As reported by Ronald Baily, Mark Sagoff has gone farther along this line of argument. Since prices result from scarcity, when total demand is satisfied with available supplies, there is no price. Since this is the case for many ecosystem services, Sagoff argues that markets correctly place negligible prices on natural capital and ecosystem services for water, timber, pollination, and biodiversity.

For instance nature’s hydrological cycle provides vastly more freshwater than humanity needs. We annually use about one-fiftieth of the amount that precipitates over land. In the aggregate, the hydrological cycle drops vast quantities of what is essentially distilled water on the land for free. Because it takes some expensive infrastructure to move water around, Sagoff does fail to acknowledge that local scarcities mean that water has a price.
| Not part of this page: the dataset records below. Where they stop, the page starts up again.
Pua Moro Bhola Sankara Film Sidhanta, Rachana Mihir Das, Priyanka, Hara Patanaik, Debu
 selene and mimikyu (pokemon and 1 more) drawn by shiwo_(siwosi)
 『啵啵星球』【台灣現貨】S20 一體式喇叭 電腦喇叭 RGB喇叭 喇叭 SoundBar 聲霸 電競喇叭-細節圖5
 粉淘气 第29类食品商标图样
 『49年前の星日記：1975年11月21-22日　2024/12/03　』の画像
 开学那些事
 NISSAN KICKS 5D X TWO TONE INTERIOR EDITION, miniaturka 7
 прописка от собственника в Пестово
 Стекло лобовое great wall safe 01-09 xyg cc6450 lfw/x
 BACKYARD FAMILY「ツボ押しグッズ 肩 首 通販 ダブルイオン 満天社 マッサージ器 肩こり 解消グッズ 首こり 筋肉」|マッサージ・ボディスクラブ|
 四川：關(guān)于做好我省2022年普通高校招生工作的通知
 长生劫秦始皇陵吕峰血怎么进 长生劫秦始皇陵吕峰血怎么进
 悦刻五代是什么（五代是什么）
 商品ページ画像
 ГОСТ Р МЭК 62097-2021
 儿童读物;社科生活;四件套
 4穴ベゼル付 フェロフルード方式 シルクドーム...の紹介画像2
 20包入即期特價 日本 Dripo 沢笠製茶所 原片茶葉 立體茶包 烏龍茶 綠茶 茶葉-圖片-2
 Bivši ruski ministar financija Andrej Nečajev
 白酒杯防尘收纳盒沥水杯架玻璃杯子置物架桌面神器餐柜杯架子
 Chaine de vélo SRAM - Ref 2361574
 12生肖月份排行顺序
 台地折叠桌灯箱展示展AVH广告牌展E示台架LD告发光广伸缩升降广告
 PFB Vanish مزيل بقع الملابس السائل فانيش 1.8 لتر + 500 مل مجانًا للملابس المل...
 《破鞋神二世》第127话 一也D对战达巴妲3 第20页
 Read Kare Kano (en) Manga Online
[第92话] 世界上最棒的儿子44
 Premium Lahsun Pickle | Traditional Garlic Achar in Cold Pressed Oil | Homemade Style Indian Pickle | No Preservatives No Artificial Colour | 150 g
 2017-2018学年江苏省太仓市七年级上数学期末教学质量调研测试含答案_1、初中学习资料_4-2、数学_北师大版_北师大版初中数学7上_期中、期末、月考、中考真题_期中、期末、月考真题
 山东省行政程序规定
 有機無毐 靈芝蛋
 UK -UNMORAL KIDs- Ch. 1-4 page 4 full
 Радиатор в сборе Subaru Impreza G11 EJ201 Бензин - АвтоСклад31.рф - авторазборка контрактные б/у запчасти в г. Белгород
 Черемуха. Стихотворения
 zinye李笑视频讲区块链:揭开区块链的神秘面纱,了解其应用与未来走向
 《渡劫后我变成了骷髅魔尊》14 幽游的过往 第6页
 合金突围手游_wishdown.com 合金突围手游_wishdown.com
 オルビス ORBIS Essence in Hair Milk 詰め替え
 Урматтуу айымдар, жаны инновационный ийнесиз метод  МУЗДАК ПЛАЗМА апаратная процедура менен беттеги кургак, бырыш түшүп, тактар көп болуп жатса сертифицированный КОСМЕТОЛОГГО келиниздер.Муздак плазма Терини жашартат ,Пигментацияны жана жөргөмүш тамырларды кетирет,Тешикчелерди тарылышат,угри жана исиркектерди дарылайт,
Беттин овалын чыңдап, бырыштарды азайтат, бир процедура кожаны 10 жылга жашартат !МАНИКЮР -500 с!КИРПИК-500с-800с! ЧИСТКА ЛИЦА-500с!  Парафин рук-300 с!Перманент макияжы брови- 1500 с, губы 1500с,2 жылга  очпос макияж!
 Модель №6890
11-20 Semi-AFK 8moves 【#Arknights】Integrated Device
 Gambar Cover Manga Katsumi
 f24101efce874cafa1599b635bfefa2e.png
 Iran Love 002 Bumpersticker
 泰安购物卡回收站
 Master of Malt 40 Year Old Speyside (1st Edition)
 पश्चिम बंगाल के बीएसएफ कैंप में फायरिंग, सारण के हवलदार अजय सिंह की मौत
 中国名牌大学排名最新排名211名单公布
For forests, the story is much the same. Agricultural and silvicultural productivity has increased so much that vast amounts of land has actually reverted to nature. Per Bailey, “In other words, human ingenuity continues to outpace and replace the relatively low productivity of natural capital. Temperate and boreal forests are expanding worldwide.”

Certainly insects provide vital ecological services including pollination—although most cereal crops are pollinated by the wind. Accounting for the fact that no one would hire someone with a bellows to blow pollen around in a Kansas wheat field since wheat farmers get all of the wind they need for free. Sagoff’s argument is that insect pollinators are essentially as ubiquitous as the wind. Where there is scarcity, however, markets have already arisen without the need for some grand-overarching effort to calculate the worth of ecosystem services.

Bees provide services for which orchard owners and farmers pay beekeepers an estimated $150 million per year and dung beetles provided $380 million in services to ranchers by burying cow manure in pastures.

Yet no one is paid for dung beetles, and there is no scarcity. Rather, all without government intervention or academic accounting, ranchers have ranchers have created “dung beetle Heaven, simply by populating their range with cattle. These creatures are “paid” copious quantities of cow manure for their work, just as pollinating insects are “paid” for their efforts with nectar from the flowers of fruits, vegetables, and nuts planted by farmers.

Finally, Sagoff points out that “No one has suggested an economic application…for any of the thousand species in the USA listed as threatened.” And while, the number of species listed as endangered or threatened with extinction at the U.S. Fish and Wildlife Service is 1319 species no one can claim that the economic value of many of these species is significant.

What is the economic use for the Peck’s cave amphipod, the Delhi Sands fly or the rock? If they disappeared, the world would be poorer in some spiritual or aesthetic sense perhaps, but as, biodiversity is ubiquitous from an economic or even ecological perspective, their passing would go largely unnoticed.

Conclusion

Defining ecosystems in general, or a specific ecosystem in particular, is daunting given the subjectivity of establishing a sound economic baseline for the entirety of benefits nature provides to mankind.

Where ecological services need to be monetized, they likely will be. Where monetization is unlikely or virtually impossible, they probably don’t need to be brought into the cost benefit calculations of decision makers in the normal course of events. And attempting to do so might be viewed with suspicion and undermine support for the very environmental benefit one is attempting to foster.